REQUIRED WORK
Using the entries that follow, transcribe only the lines from the line with "cover-Không Bao Giờ Là Quá Trễ - Dan Clark" to the line with "Air Carrier Operations: (Ebundle)", both included, exactly as they stand and without pictures.

SUPPLIED ENTRIES below:

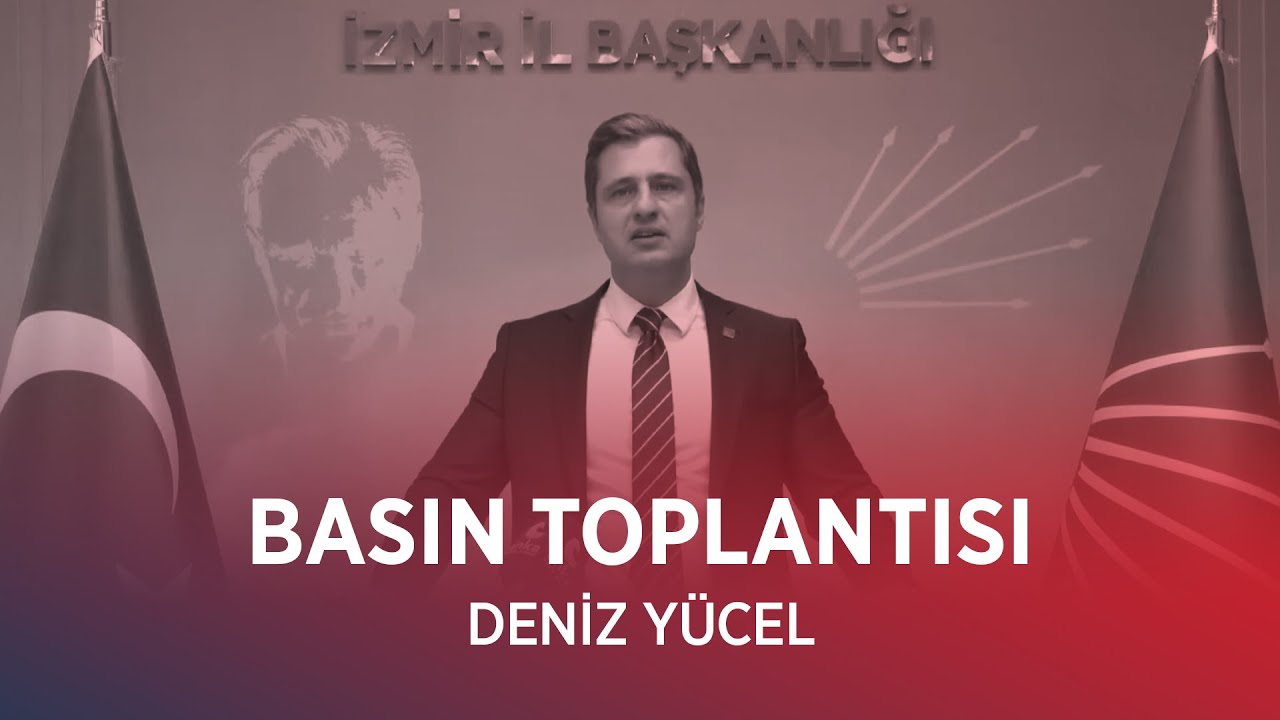 DENİZ YÜCEL BASIN TOPLANTISI 18/05/2025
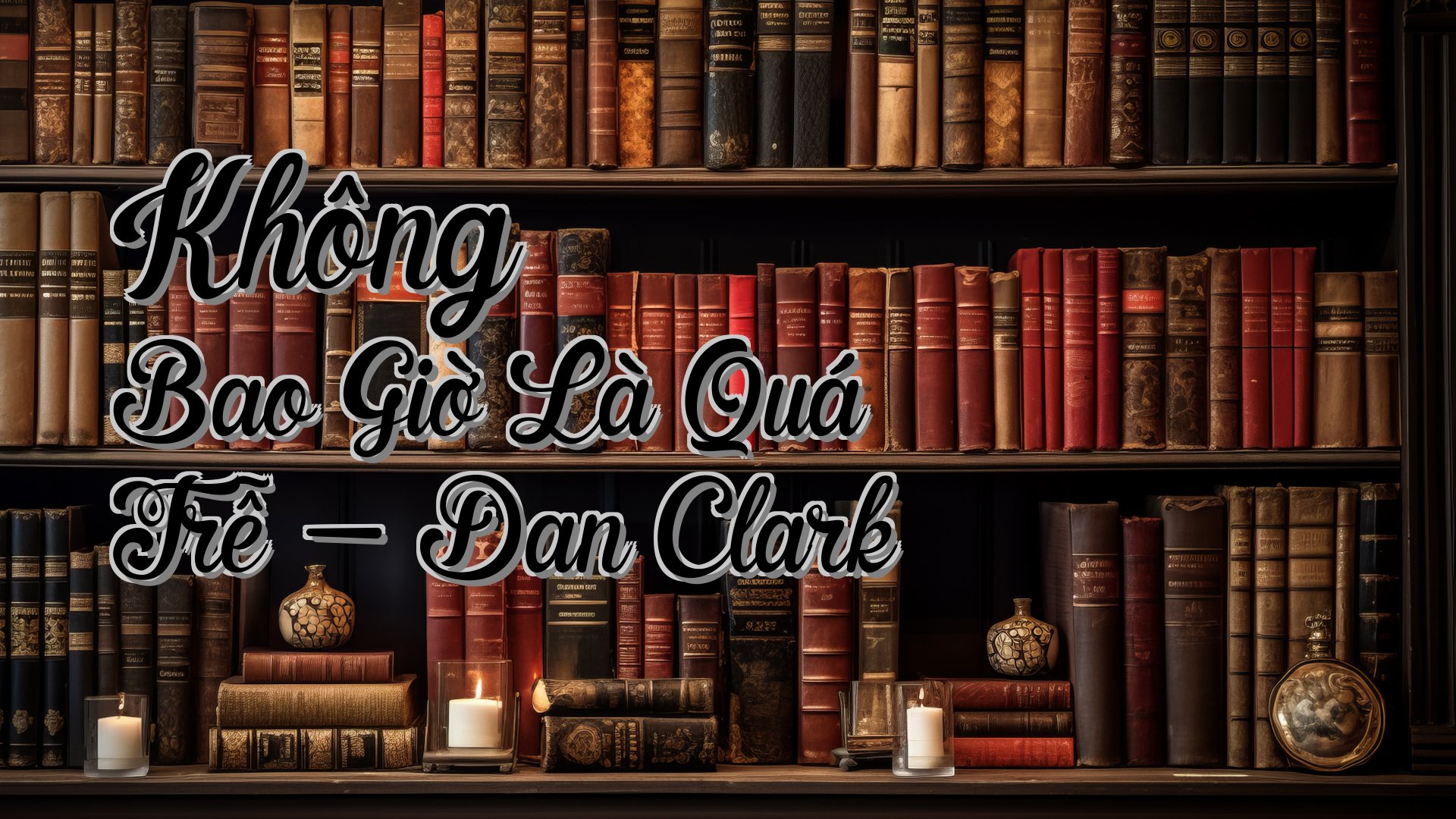 cover-Không Bao Giờ Là Quá Trễ - Dan Clark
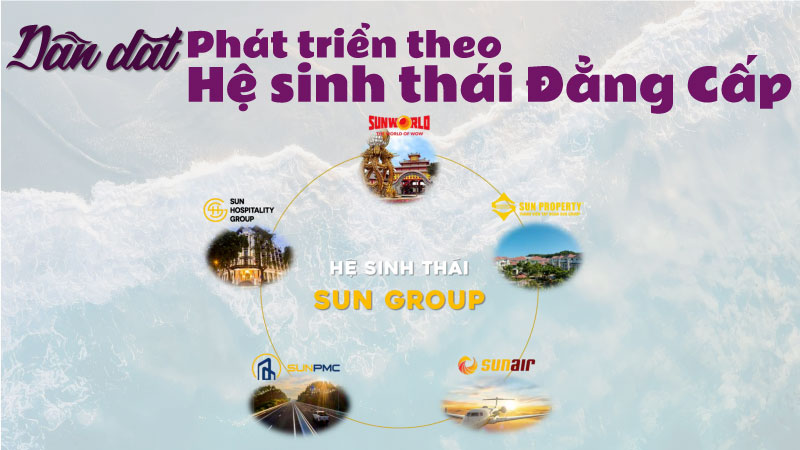 Chủ Đầu Tư Sun Group – Hành Trình Kiến Tạo Những Vùng Đất Đẹp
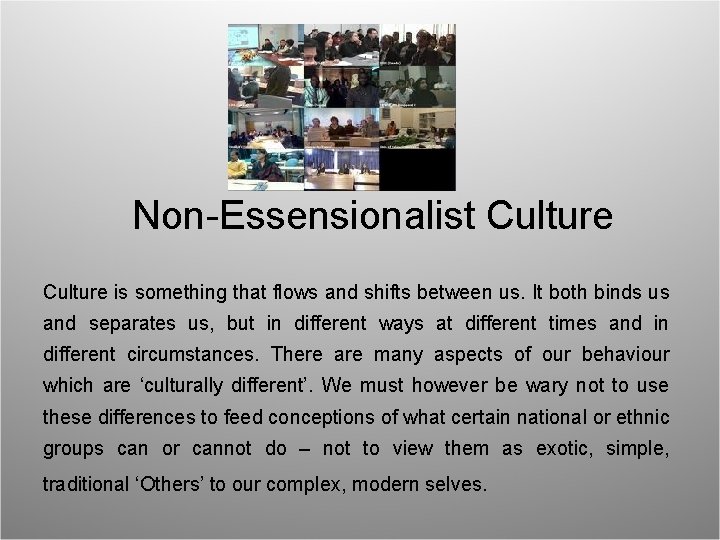 Non-Essensionalist Culture is something that flows and shifts between us. It both binds us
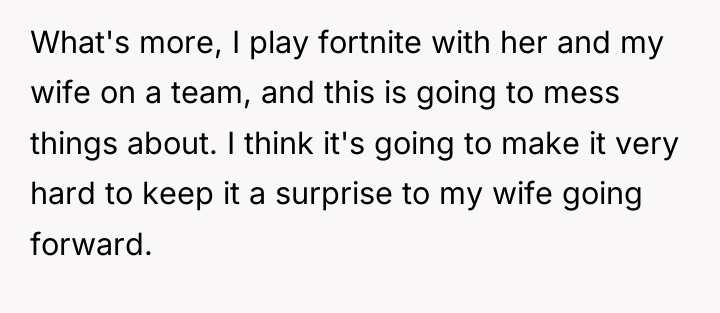 What's more, I play fortnite with her and my wife...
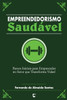 Empreendedorismo Saudável: Passos Iniciais para Empreender no Setor que Transforma Vidas
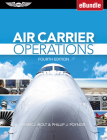 Air Carrier Operations: (Ebundle) By Mark J. Holt, Phillip J. Poynor Cover Image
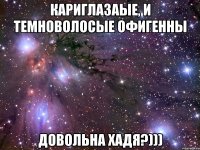 кариглазаые, и темноволосые офигенны довольна хадя?)))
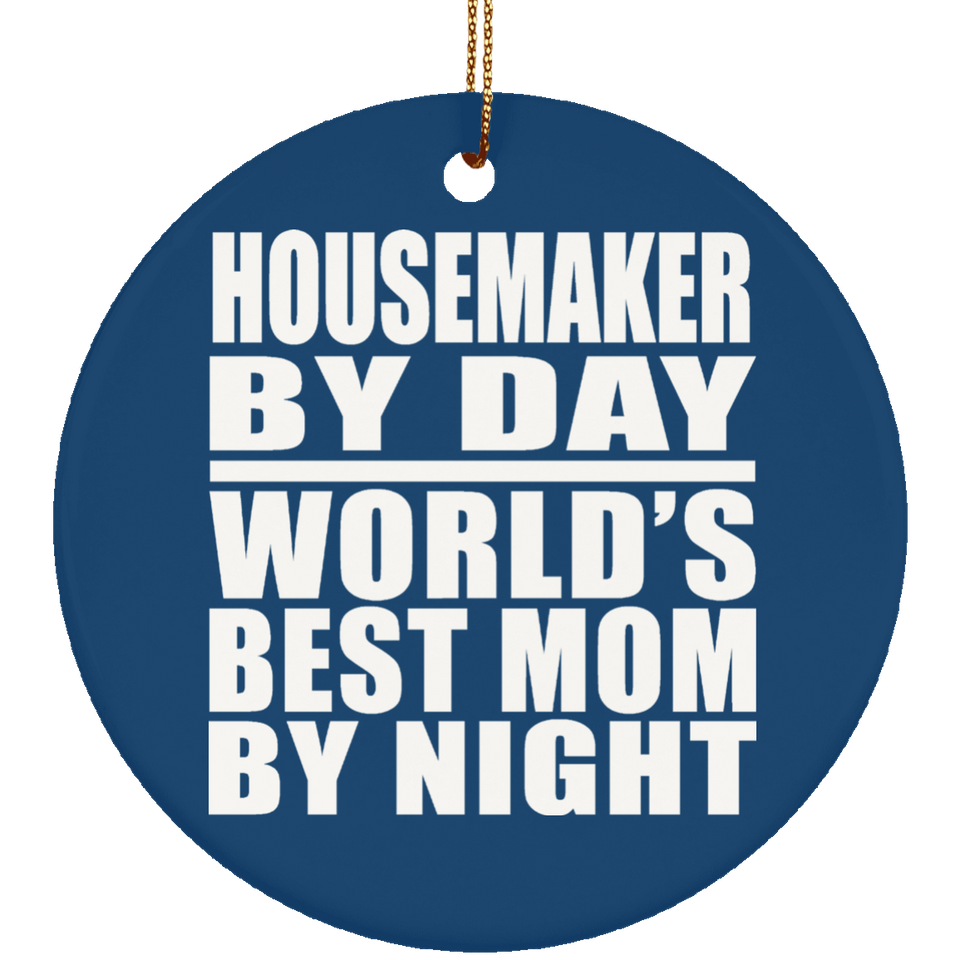 Housemaker By Day World's Best Mom By Night - Circle Ornament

End of SUPPLIED ENTRIES.

RESULT BELOW
 cover-Không Bao Giờ Là Quá Trễ - Dan Clark
 Chủ Đầu Tư Sun Group – Hành Trình Kiến Tạo Những Vùng Đất Đẹp
 Non-Essensionalist Culture is something that flows and shifts between us. It both binds us
 What's more, I play fortnite with her and my wife...
 Empreendedorismo Saudável: Passos Iniciais para Empreender no Setor que Transforma Vidas
 Air Carrier Operations: (Ebundle) By Mark J. Holt, Phillip J. Poynor Cover Image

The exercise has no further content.